:: YOUR OBJECTIVE ::
Would you reproduce the whole listing exactly, minus its images?

:: TASK INPUT ::
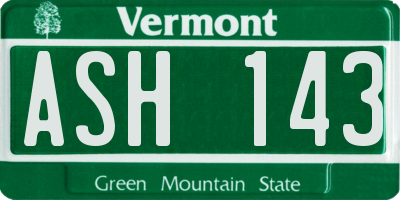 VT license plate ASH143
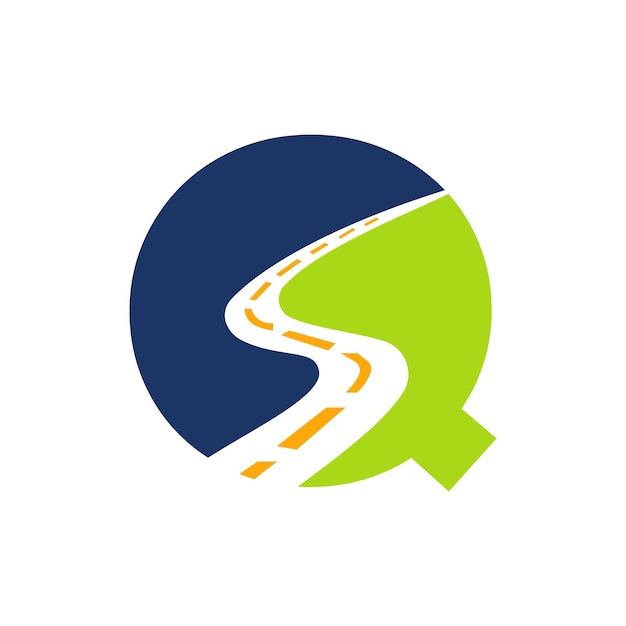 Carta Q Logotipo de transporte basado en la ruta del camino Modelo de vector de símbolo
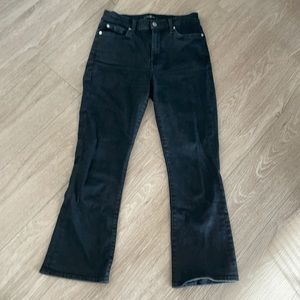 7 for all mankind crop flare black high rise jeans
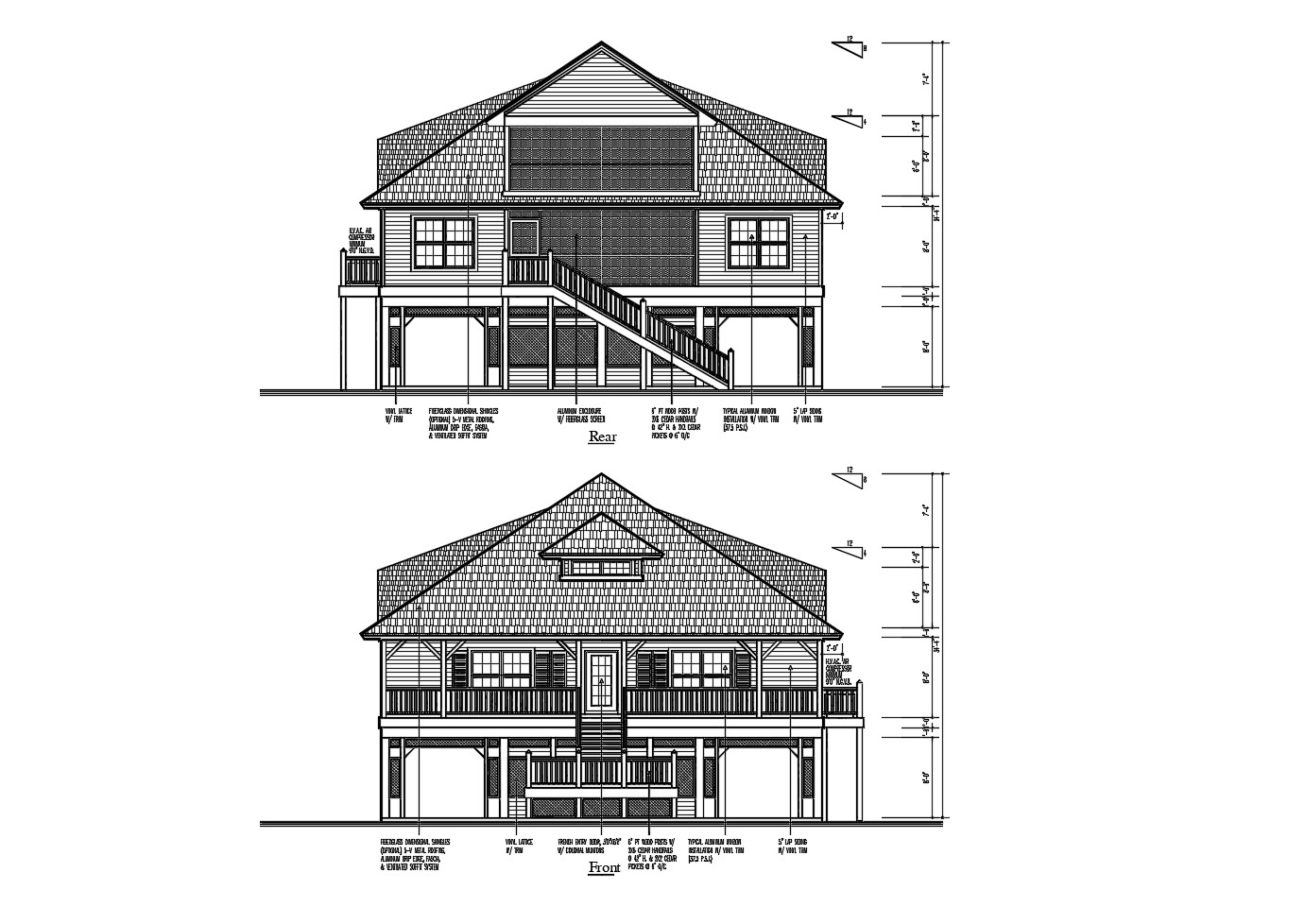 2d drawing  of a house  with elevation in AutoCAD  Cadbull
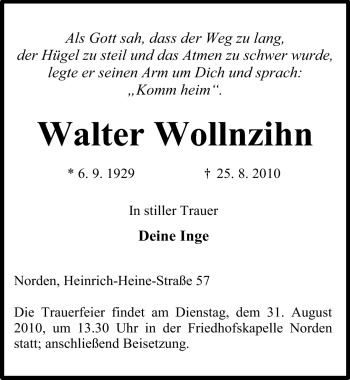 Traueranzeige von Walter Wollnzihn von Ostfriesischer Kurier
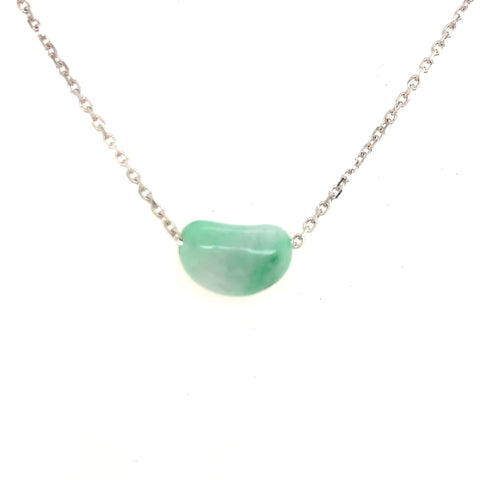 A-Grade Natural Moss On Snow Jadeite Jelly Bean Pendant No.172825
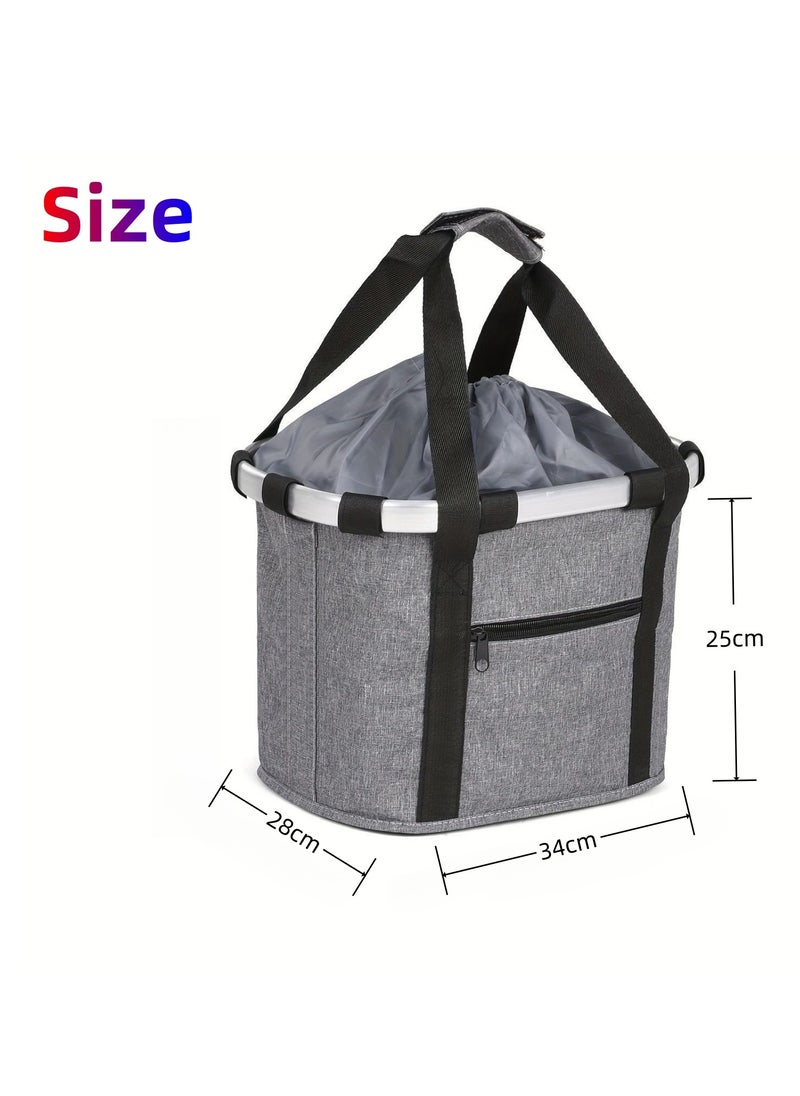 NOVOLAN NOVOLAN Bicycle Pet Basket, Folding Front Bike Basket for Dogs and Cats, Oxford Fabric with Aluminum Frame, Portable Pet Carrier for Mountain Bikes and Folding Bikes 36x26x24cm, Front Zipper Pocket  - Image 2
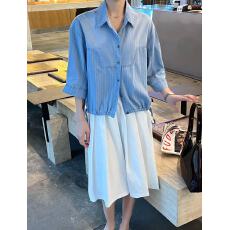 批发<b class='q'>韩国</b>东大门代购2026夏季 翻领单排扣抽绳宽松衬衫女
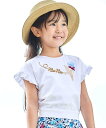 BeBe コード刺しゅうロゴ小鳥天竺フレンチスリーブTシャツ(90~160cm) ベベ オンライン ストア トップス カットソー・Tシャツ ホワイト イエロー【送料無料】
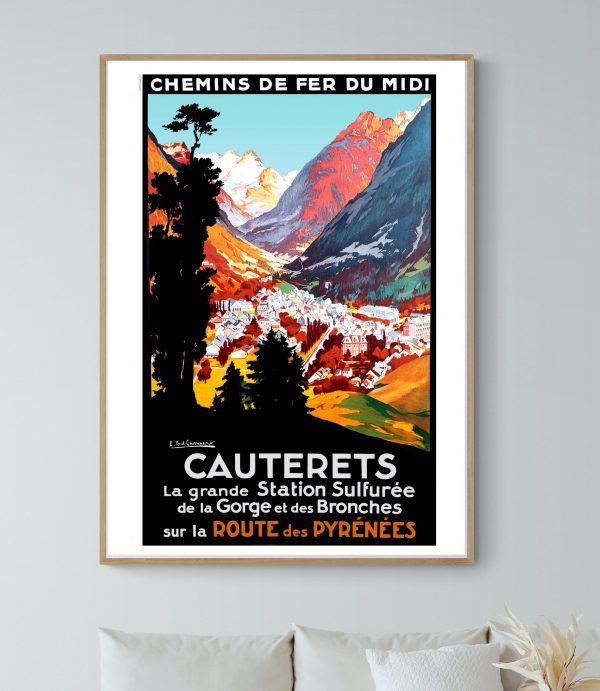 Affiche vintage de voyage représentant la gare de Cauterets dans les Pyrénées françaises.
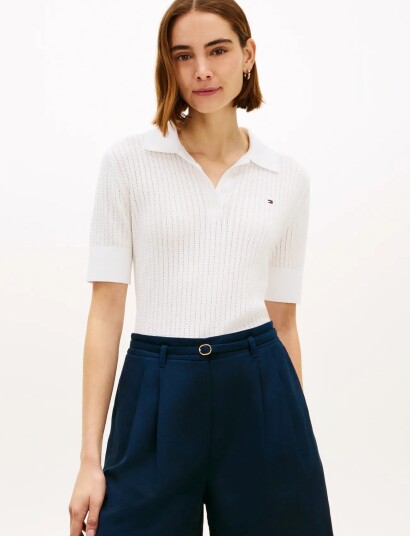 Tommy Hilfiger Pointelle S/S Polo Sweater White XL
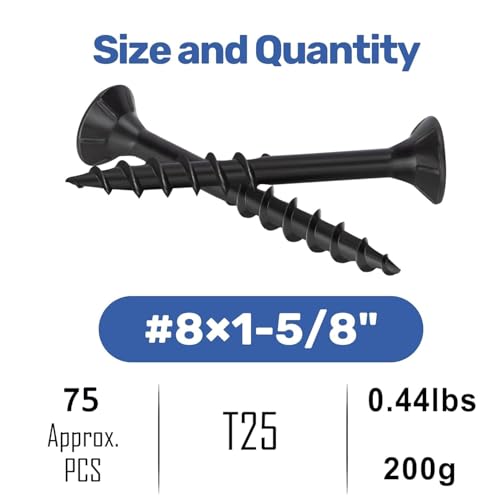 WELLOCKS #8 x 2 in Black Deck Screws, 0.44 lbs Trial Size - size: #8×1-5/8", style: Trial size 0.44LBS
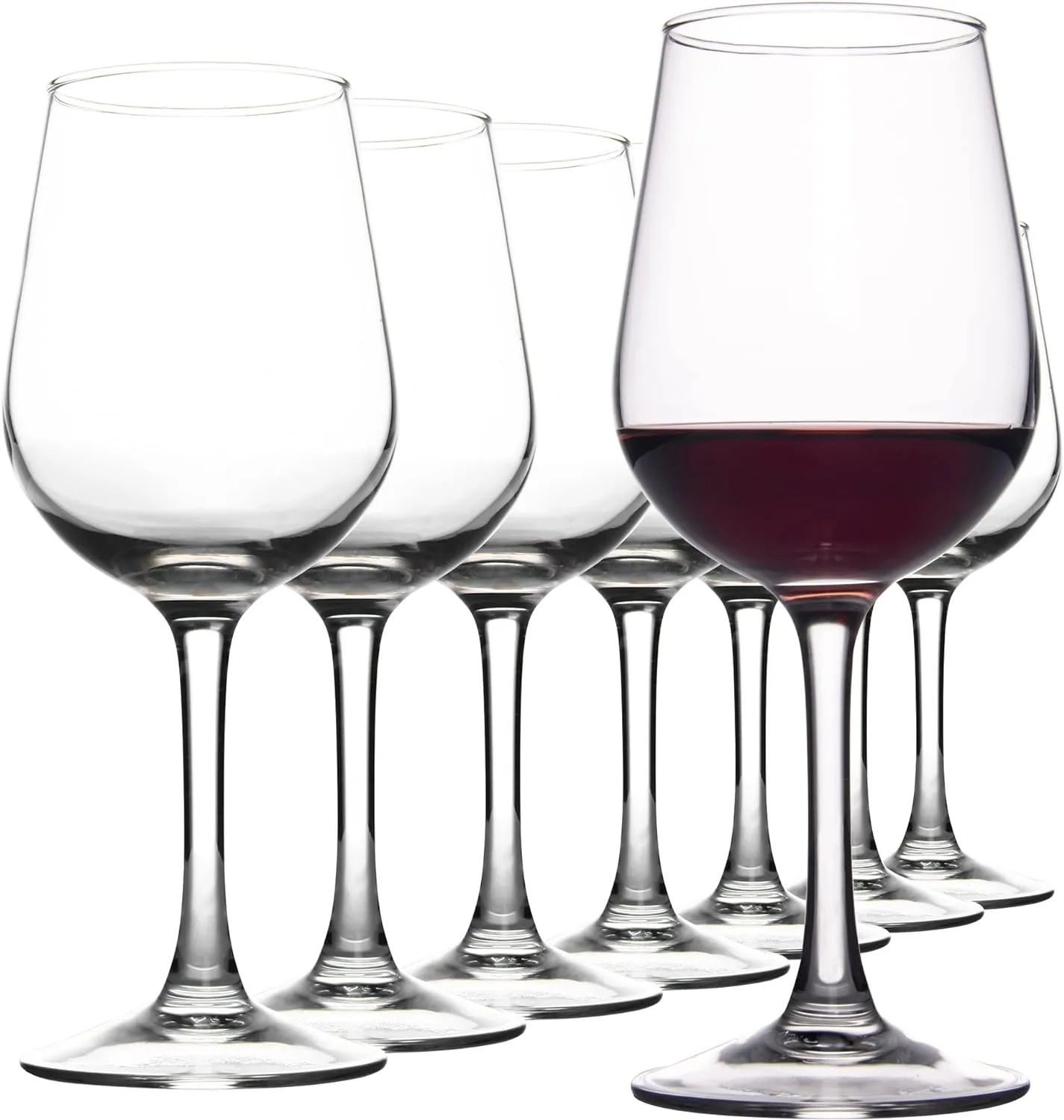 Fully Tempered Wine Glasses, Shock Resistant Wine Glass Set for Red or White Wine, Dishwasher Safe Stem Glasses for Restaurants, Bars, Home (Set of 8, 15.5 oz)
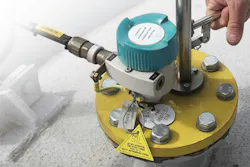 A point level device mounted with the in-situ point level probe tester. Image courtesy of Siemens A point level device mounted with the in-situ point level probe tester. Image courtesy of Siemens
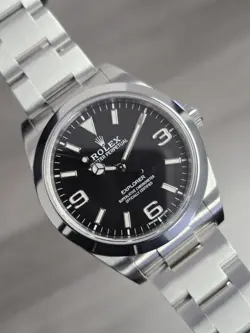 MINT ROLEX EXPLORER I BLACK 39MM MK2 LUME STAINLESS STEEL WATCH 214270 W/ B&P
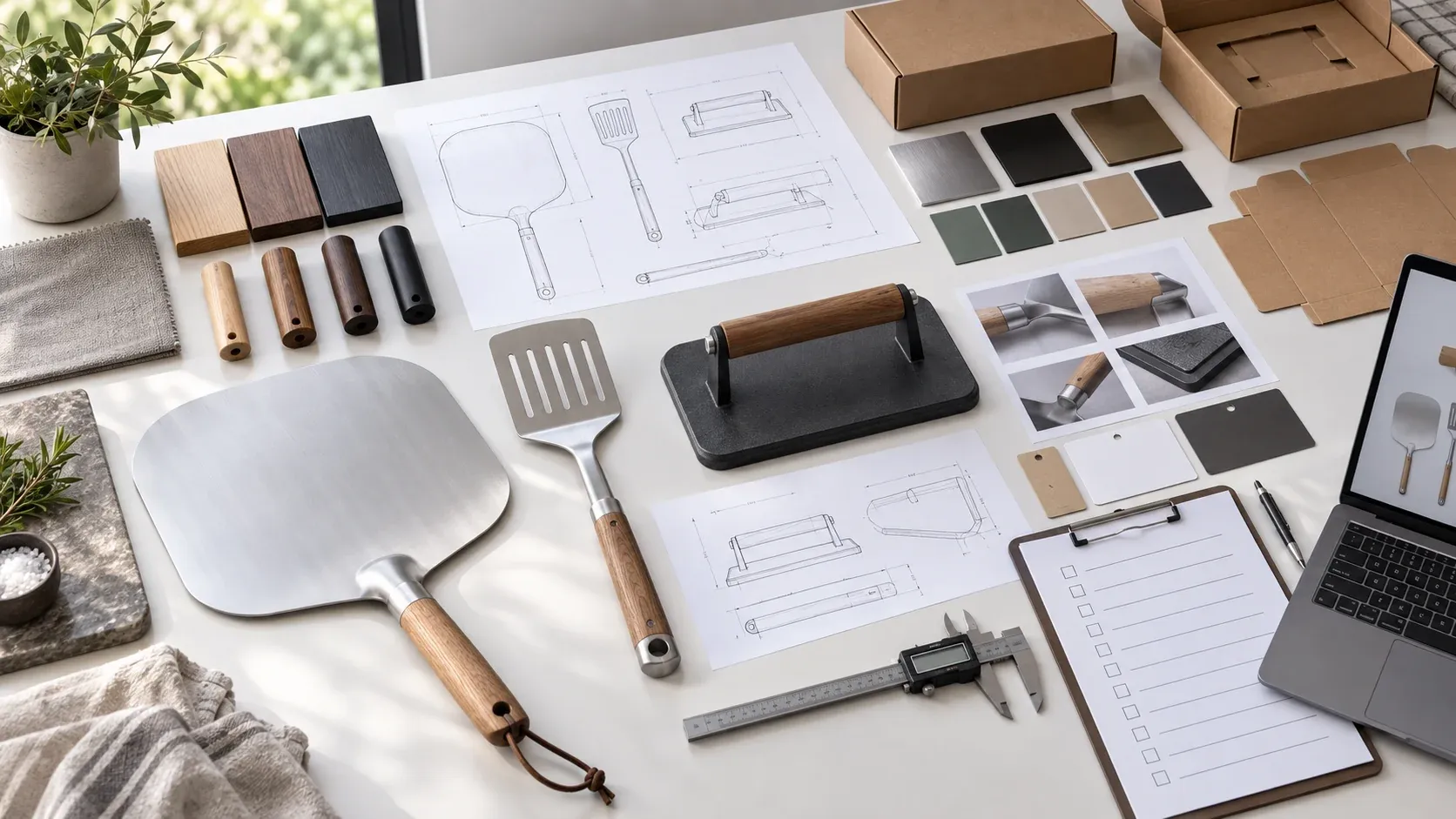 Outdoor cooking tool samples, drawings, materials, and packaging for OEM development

:: OUTPUT FOR THIS EXERCISE ::
 VT license plate ASH143
 Carta Q Logotipo de transporte basado en la ruta del camino Modelo de vector de símbolo
 7 for all mankind crop flare black high rise jeans
 2d drawing  of a house  with elevation in AutoCAD  Cadbull
 Traueranzeige von Walter Wollnzihn von Ostfriesischer Kurier
 A-Grade Natural Moss On Snow Jadeite Jelly Bean Pendant No.172825
 NOVOLAN NOVOLAN Bicycle Pet Basket, Folding Front Bike Basket for Dogs and Cats, Oxford Fabric with Aluminum Frame, Portable Pet Carrier for Mountain Bikes and Folding Bikes 36x26x24cm, Front Zipper Pocket  - Image 2
 批发<b class='q'>韩国</b>东大门代购2026夏季 翻领单排扣抽绳宽松衬衫女
 BeBe コード刺しゅうロゴ小鳥天竺フレンチスリーブTシャツ(90~160cm) ベベ オンライン ストア トップス カットソー・Tシャツ ホワイト イエロー【送料無料】
 Affiche vintage de voyage représentant la gare de Cauterets dans les Pyrénées françaises.
 Tommy Hilfiger Pointelle S/S Polo Sweater White XL
 WELLOCKS #8 x 2 in Black Deck Screws, 0.44 lbs Trial Size - size: #8×1-5/8", style: Trial size 0.44LBS
 Fully Tempered Wine Glasses, Shock Resistant Wine Glass Set for Red or White Wine, Dishwasher Safe Stem Glasses for Restaurants, Bars, Home (Set of 8, 15.5 oz)
 A point level device mounted with the in-situ point level probe tester. Image courtesy of Siemens A point level device mounted with the in-situ point level probe tester. Image courtesy of Siemens
 MINT ROLEX EXPLORER I BLACK 39MM MK2 LUME STAINLESS STEEL WATCH 214270 W/ B&P
 Outdoor cooking tool samples, drawings, materials, and packaging for OEM development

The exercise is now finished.